SNAP Calls on Cardinal George to Resign
February 26, 2006
An advocacy group called for Cardinal Francis George to resign Saturday in the wake of reports that the top official of the Archdiocese of Chicago ignored for months a review board's advice to remove a priest accused of molesting three boys.
An archdiocese spokesman said George acknowledges the church-appointed review board gave the advice, but the recommendation was informal. The cardinal will not step down, the spokesman said Saturday.
The review board's recommendation to the archdiocese came in October, months before the January arrest of the Rev. Daniel McCormack and his removal from St.
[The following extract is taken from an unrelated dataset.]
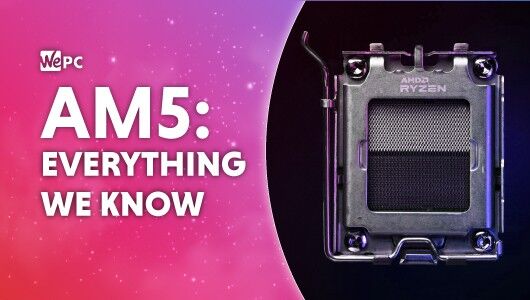 *Updated* AM5 socket release date, price & more &ndash; What we know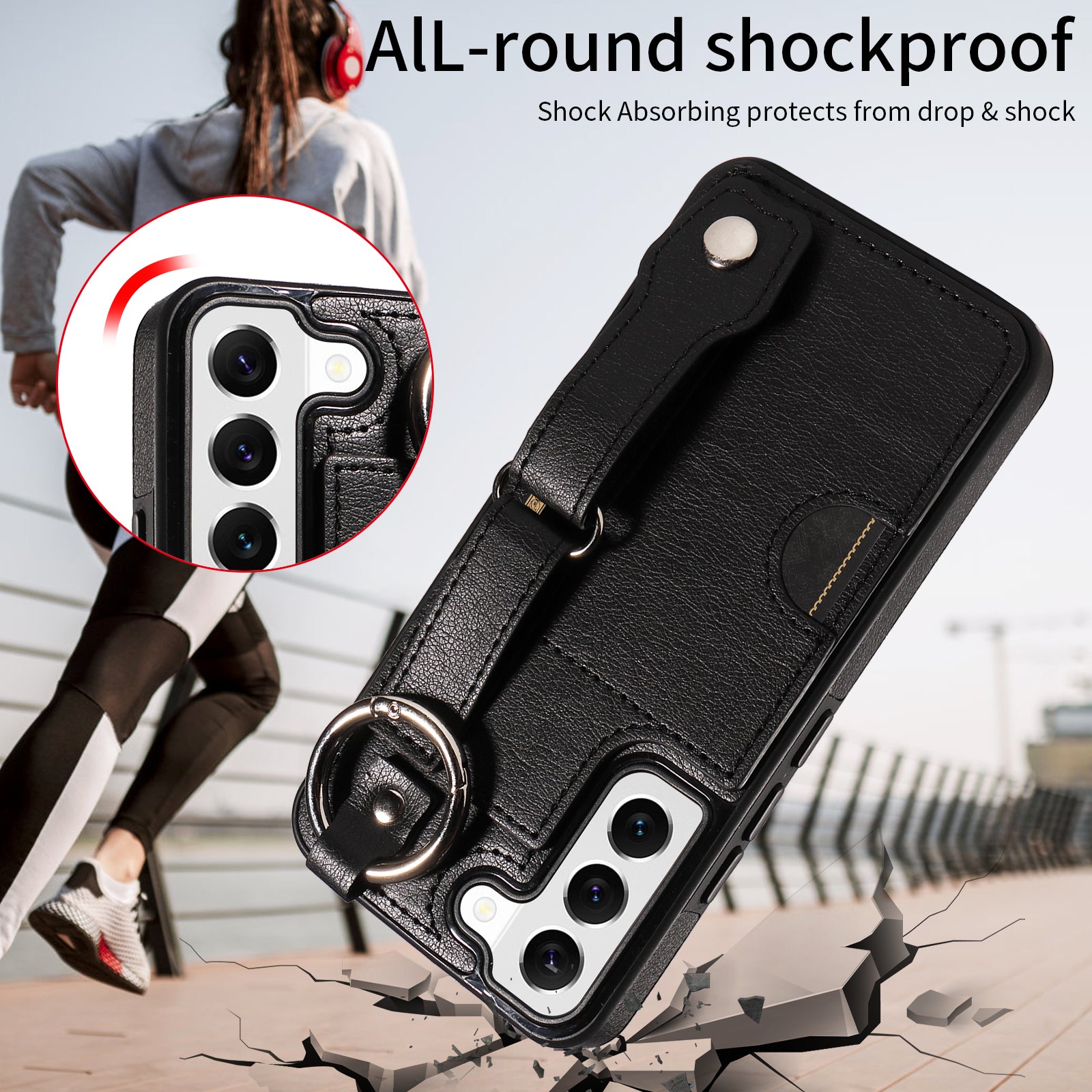 Samsung Galaxy S22 Case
Agatha Church on Chicago's West Side, said Diane Jackson, a spokeswoman for the Illinois Department of Children and Family Services.
Saturday's call for George's resignation was the first time the national Survivors Network of those Abused by Priests has called for a cardinal or a bishop to step down, said SNAP president Barbara Blaine.
"The national leadership of SNAP has never taken this extreme position before and obviously we don't do it lightly," Blaine said. "Cardinal George has been secretive, deceptive and irresponsible."
The state child welfare agency learned of the review board's recommendation during its own investigation into allegations against McCormack, Jackson said. The agency also learned that McCormack had been sent to a facility for a psychological assessment last year, Jackson said.
"What we're saying is, they had information about the allegation," Jackson said.
Archdiocese spokesman Jim Dwyer said that George felt at the time of the review board's advice that he could not remove McCormack without firsthand information.
"Now we have the protocol in place to be more aggressive in possibly removing priests earlier in the process when we see there's an issue of safety," Dwyer said. "The cardinal has said we're going to do things differently in the future, but he's not going to step down."
Dwyer declined to comment on whether the archdiocese sent McCormack for a psychological assessment, citing laws protecting the confidentiality of an individual's health information.
Earlier this week, the archdiocese accused the state child welfare investigators of failing to promptly notify the church of credible evidence against McCormack.
The nine-member review board is an independent, confidential panel appointed by George to advise the archdiocese on matters "regarding the safety of children and the fitness for ministry of those accused," according to the archdiocese's Web site.
It is made up of two priests, one deacon and six lay people not employed by the archdiocese. The lay members include a parish council member, a parent of a victim of child sexual abuse by a cleric, a psychiatrist, a psychologist, a social worker and an attorney.